What needs to be done
Copy the listing below in full and skip every picture.

Given information
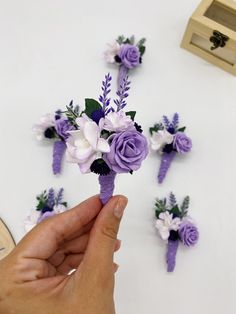 someone is holding some purple and white flowers in front of the other pieces of paper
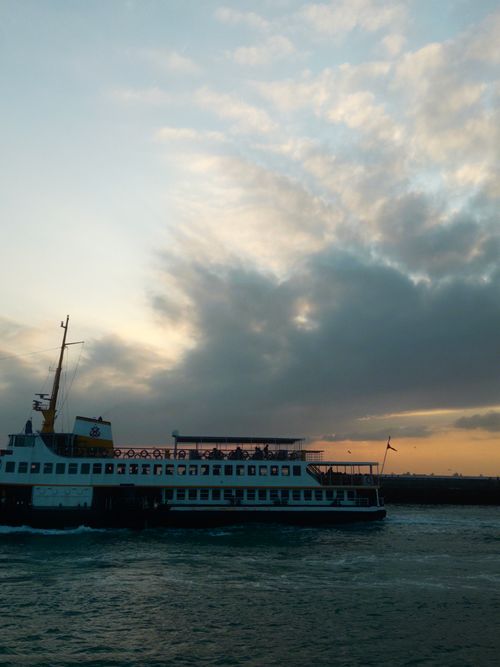 Free A picturesque ferry cruising at sunset, casting serene reflections on tranquil waters. Stock Photo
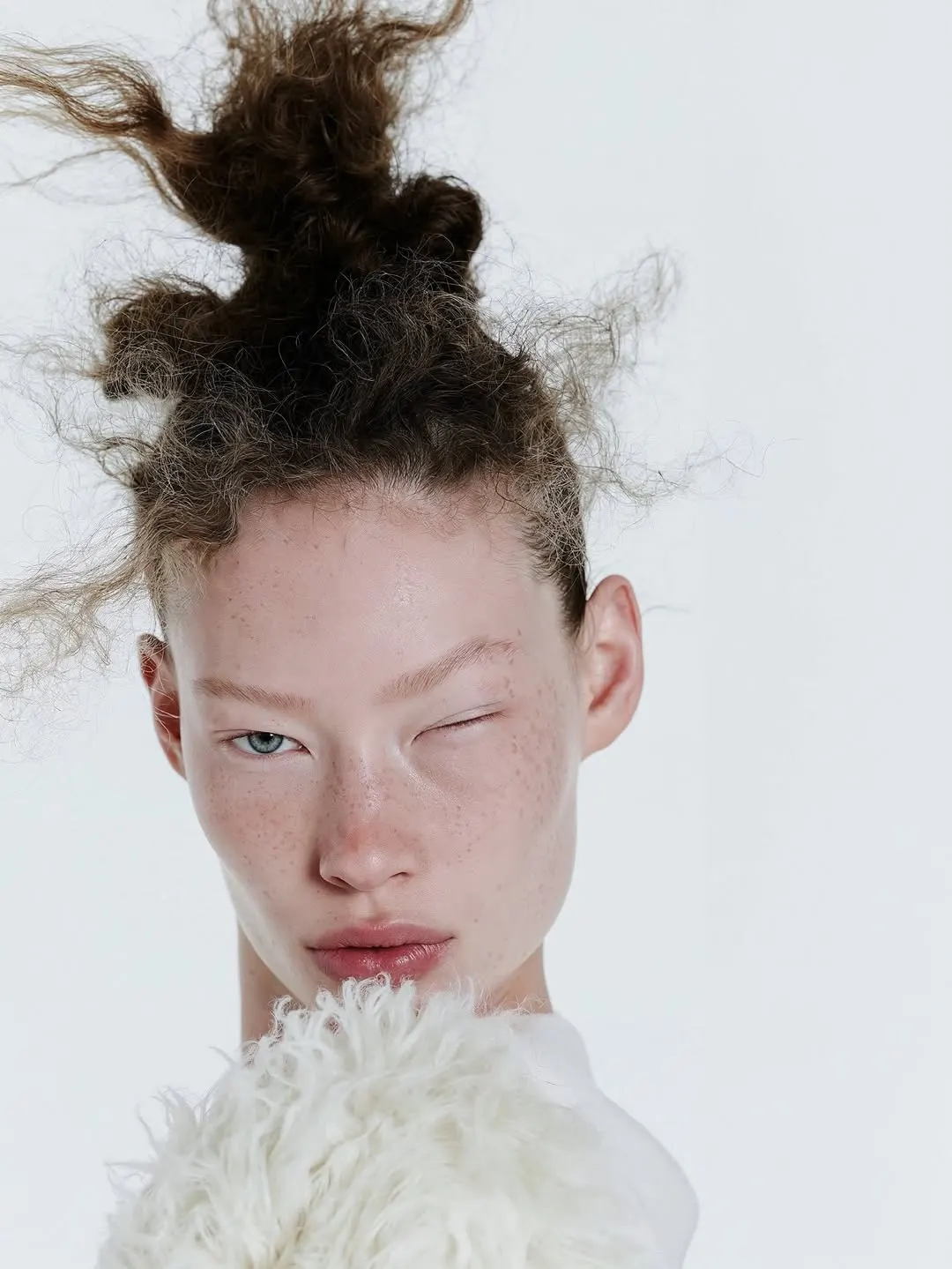 Close portrait with wild swept hair and bleached brows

Solution to this exercise
 someone is holding some purple and white flowers in front of the other pieces of paper
 Free A picturesque ferry cruising at sunset, casting serene reflections on tranquil waters. Stock Photo
 Close portrait with wild swept hair and bleached brows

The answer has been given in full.